Female leaders in technology

Female leaders in technology

Rachel Gauci speaking at the DigiGirlz event.

Rachel Gauci speaking at the DigiGirlz event.

“ICT is a very exciting career and it is not about sitting behind a desk and coding. There’s so much more than that. The country needs more girls in Science, Technology, Engineering and Maths (STEM) subjects because this is the way forward. Unfortunately, prejudice, discrimination and stereotyping, are still the main factors that are discouraging female students from considering a career in ICT. Family, educators and society all have an active role in encouraging female students to pursue a career in ICT.”

This was stated by President Marie-Louise Coleiro Preca in a recorded welcome message to 80 Form 1 female students from Sacred Heart school who attended DigiGirlz Day at the Microsoft Innovation Centre.

This fun-filled day was an opportunity for the students to learn about careers in technology and getting a closer look at what it might be like to work in a technical environment.

“Technology is a vital, fast growing field that’s not just for boys,” said MIC business development manager Mary Downing. “Technology innovation is for everyone. With DigiGirlz events Microsoft hopes to break down stereotypes and help young girls realise that technology is not only a growing industry, but also one that’s fun and exciting to work in.”

The event featured stories about exciting innovations in technology and was designed to encourage participants to explore the possibilities available in the fields of STEM. It gave the girls the opportunity to explore careers in technology, connect with Microsoft employees, and participate in hands-on digital Lego Education workshops driven by IMS Ltd, official distributors of Lego Education in Malta.

Angela Micallef, philanthropies lead at Microsoft Malta, a passionate and dedicated ambassador promoting STEM subjects for girls through the DigiGirlz programme, explained that educators, parents and positive female role models can help entice girls to consider choosing computer studies and ICT subjects at school.

“Giving access to positive female role models is the first step to help encourage future women leaders in technology. Girls and young women who know a woman in a STEM profession, are substantially more likely to feel empowered when they engage in education and career-affirming activities,” said Ms Micallef.

DigiGirlz day events form part of the Microsoft Philanthropies Youth-Spark initiative.

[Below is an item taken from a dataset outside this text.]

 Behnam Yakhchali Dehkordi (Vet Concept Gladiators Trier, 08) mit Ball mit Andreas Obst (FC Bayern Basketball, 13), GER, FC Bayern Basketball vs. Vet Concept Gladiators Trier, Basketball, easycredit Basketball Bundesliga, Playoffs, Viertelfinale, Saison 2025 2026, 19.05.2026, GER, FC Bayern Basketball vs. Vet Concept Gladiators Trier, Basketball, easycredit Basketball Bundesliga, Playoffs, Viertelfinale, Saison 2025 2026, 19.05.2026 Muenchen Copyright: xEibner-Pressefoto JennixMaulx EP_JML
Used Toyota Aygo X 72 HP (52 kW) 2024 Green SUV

“Technology is a force for social and economic inclusion and Microsoft continues working to create a future where everyone has access to the benefits it provides and the opportunities it creates,” Ms Micallef added.

“Computer science is about more than learning to code. It teaches creativity, computational thinking, analytical reasoning and complex problem solving. We believe technology should be an equalising force in Malta and it should be inclusive, not divisive. Through such initiatives, we continue to invest our greatest assets, those being, our technology, our people and our voice.”

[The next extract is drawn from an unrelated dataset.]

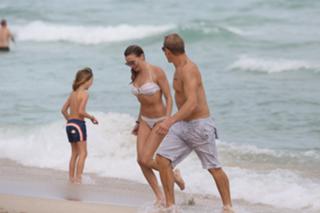 Katie Cassidy feet photo thumbnail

The event at the MIC featured guest speaker Rachel Gauci, a young Maltese who graduated with BSc (Hons) ICT in Malta and later pursued her MSc Informatics masters degree at the University of Edinburgh.

Since March 2017, she has been based at Facebook’s offices in London working as a software engineer, specifically on Facebook’s product Workplace. She travelled to Malta purposely to speak to the students at this event and spoke about her education and working experience so far.

She explained that today, IT is not just about coding or working at a computer all day long but is a subject that today is found in countless industries and careers. Anyone should consider IT as a career without compromising on their passion and encouraged students to work on what they love and to remember that today, there are many opportunities that can help us combine IT with what we love doing best.

A Unesco global survey published in 2017 estimated that by 2020, 98 per cent of STEM-related jobs will require ICT skills and there will be around one million vacant posts in computing because of a lack of skilled personnel.

Women are significantly under-represented in ICT, accounting for only three per cent of ICT graduates globally. In Europe, only 29 out of 1,000 female graduates had a degree in computing in 2015, and only four went on to have ICT careers.